Exploring Strategies for Optimizing Mobilenetv2 Performance in Classification Tasks Through Transfer Learning and Hyperparameter Tuning with A Local Dataset from Kigezi, Uganda.

Abstract

Abstract

Background

Deep learning has proved to very vital in numerous applications in recent years. However, the development of a model may require access to datasets. Training models on datasets may impose numerous challenges in terms of computational constraints, making it inefficient for limited computational environments and in this study a local dataset from Kigezi Uganda will be used.

The study will also explore the strategies of optimizing the MobilenetV2 through transfer learning and hyper-tuning.

Main Objective:

This study explored the strategies for optimizing MobileNetV2 performance in performing classification tasks through transfer learning, data augmentation, and hyper parameter tuning with local data from Kigezi, Uganda.
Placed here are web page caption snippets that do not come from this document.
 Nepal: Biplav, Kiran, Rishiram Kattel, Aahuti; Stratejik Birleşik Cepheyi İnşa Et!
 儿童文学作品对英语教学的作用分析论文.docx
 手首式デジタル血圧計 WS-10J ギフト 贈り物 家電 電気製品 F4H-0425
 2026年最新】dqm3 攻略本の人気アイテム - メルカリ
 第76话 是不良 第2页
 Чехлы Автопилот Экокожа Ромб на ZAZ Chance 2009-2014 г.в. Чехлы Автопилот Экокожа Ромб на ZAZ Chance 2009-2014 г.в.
A total of 2,415 images is the dataset used and 9,660 images were obtained after data augmentation.

Methodology

The methodology used is experimentation using transfer learning and hyper-tuning of the model.

Results

 The model layer freezing.

Freezing All Layers except Final Dense Layer: Training accuracy: 90%, Testing accuracy: 85%. The model was not flexible enough to adapt to the new dataset, Unfreezing Top 10 Layers: Training accuracy: 92%, Testing accuracy: 88%. Moderate improvement observed, but still underperforming. Unfreezing Top 20 Layers: Training accuracy: 95%, Testing accuracy: 91%. Significant improvement, suggesting that more layers need to be fine-tuned. Unfreezing Entire Network: Training accuracy: 98%, Testing accuracy: 96%. The model showed substantial improvement in learning task-specific features.
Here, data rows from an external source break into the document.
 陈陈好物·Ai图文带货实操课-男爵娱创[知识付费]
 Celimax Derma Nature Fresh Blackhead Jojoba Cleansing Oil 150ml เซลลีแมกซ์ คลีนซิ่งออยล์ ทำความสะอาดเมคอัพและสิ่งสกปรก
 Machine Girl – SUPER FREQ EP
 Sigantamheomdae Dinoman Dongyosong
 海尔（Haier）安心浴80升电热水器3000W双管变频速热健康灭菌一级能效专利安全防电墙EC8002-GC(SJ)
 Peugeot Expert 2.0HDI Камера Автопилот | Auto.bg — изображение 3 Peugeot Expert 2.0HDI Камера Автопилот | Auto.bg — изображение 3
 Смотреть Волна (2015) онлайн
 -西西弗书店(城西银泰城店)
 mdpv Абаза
Hyper tuning the Learning Rate.

The optimal configuration was found by unfreezing the entire network, which allowed the model to fine-tune all layers, thus improving the model’s ability to generalize to the new dataset.
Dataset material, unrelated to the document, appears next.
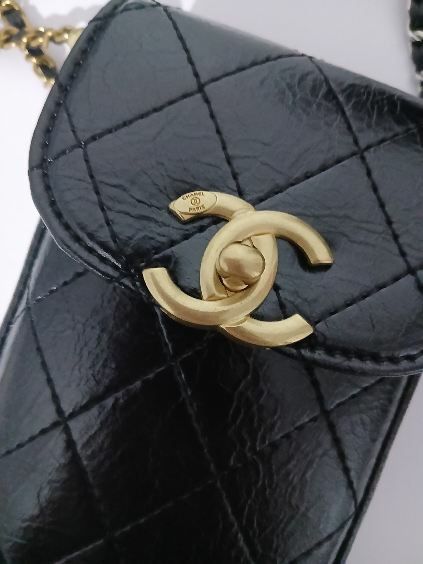 Torebka Chanel z linii Make Up Vip gift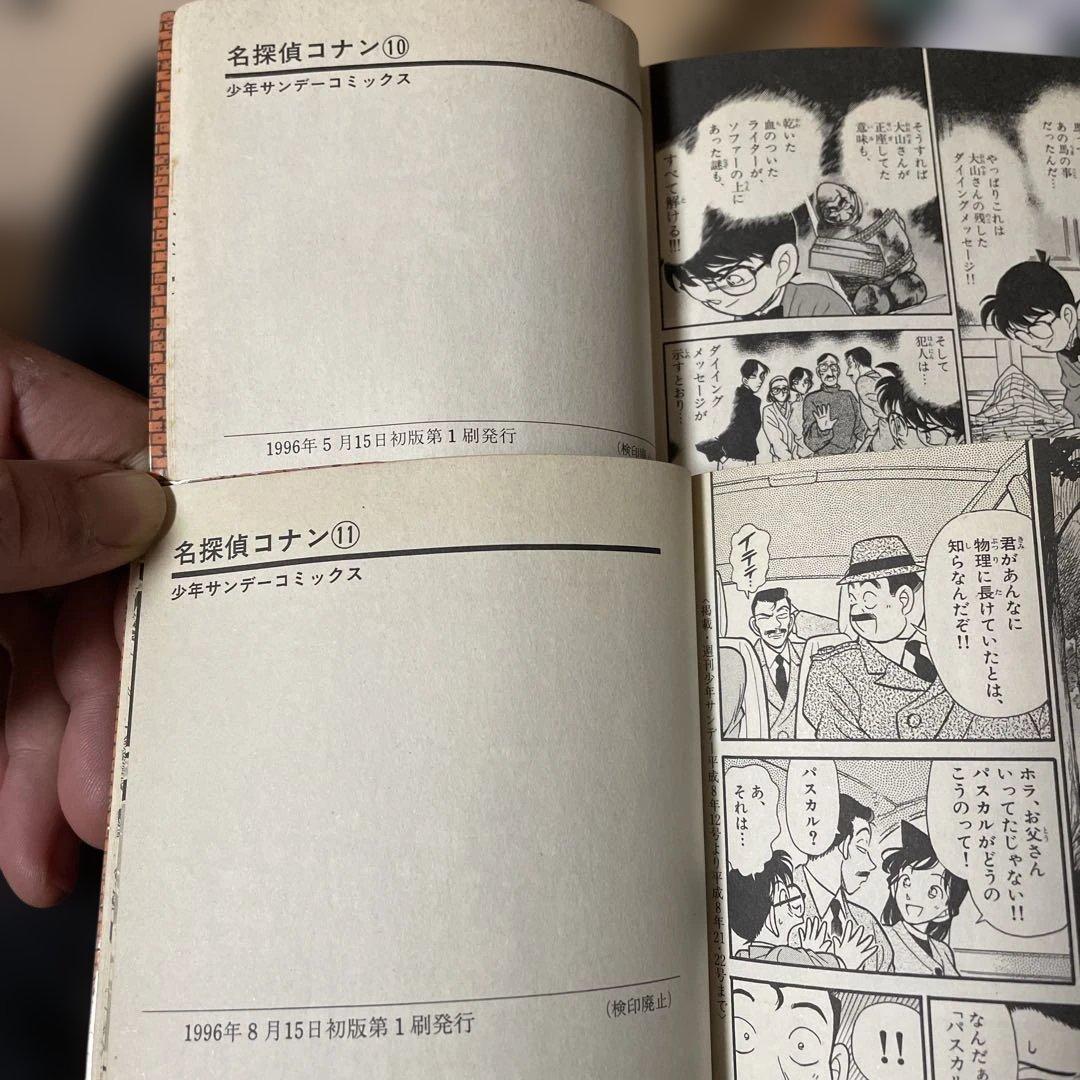 匿名配送　名探偵コナン 9巻から初版本　1〜107巻セット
Learning Rate Tuning: Learning rate is one of the most crucial hyper parameters. An extensive grid search was performed over the following values: 0.1, 0.01, 0.001, 0.0001, and 0.00001, Batch Size Tuning: Different batch sizes (16, 32, 64, and 128) were tested to determine the most efficient size for gradient updates, Optimizer Selection: Various optimizers were tested, including SGD, RMSprop, and Adam. The Adam optimizer was selected for its adaptive learning rate capabilities.

Epochs and Early Stopping: The number of epochs was tuned along with early stopping criteria to prevent overfitting. Epochs were tested in the range of 10 to 100 with a patience of 5 for early stopping

The results of the learning rate 0.1: Training accuracy: 60%, Testing accuracy: 55%. The model was unable to converge 0.01: Training accuracy: 80%, Testing accuracy: 75%. Improved but still underperforming. 0.001: Training accuracy: 90%, Testing accuracy: 88%. Further improvement, but overfitting observed. 0.0001: Training accuracy: 99%, Testing accuracy: 98%. Optimal performance achieved.0.00001: Training accuracy: 95%, Testing accuracy: 92%. Learning was too slow.

Hyper-tuning using the batch-size:

16: Training accuracy: 97%, Testing accuracy: 94%. Good performance but higher computational cost32: Training accuracy: 99%, Testing accuracy: 98%. Optimal balance between performance and efficiency, 64: Training accuracy: 95%, Testing accuracy: 93%. Slightly reduced performance, 128: Training accuracy: 90%, Testing accuracy: 87%. The model struggled with larger batch sizes.

Hyper-tuning using by different optimizers

SGD: Training accuracy: 85%, Testing accuracy: 80%. Slower convergence. RMSprop: Training accuracy: 92%, Testing accuracy: 88%. Moderate performance. Adam: Training accuracy: 99%, Testing accuracy: 98%. Best performance due to adaptive learning rate.

The final customized model, after applying transfer learning and extensive hyper parameter tuning, achieved outstanding results: Training Accuracy: 99%Testing Accuracy: 98%,Training Loss: 0.02,Testing Loss: 0.04.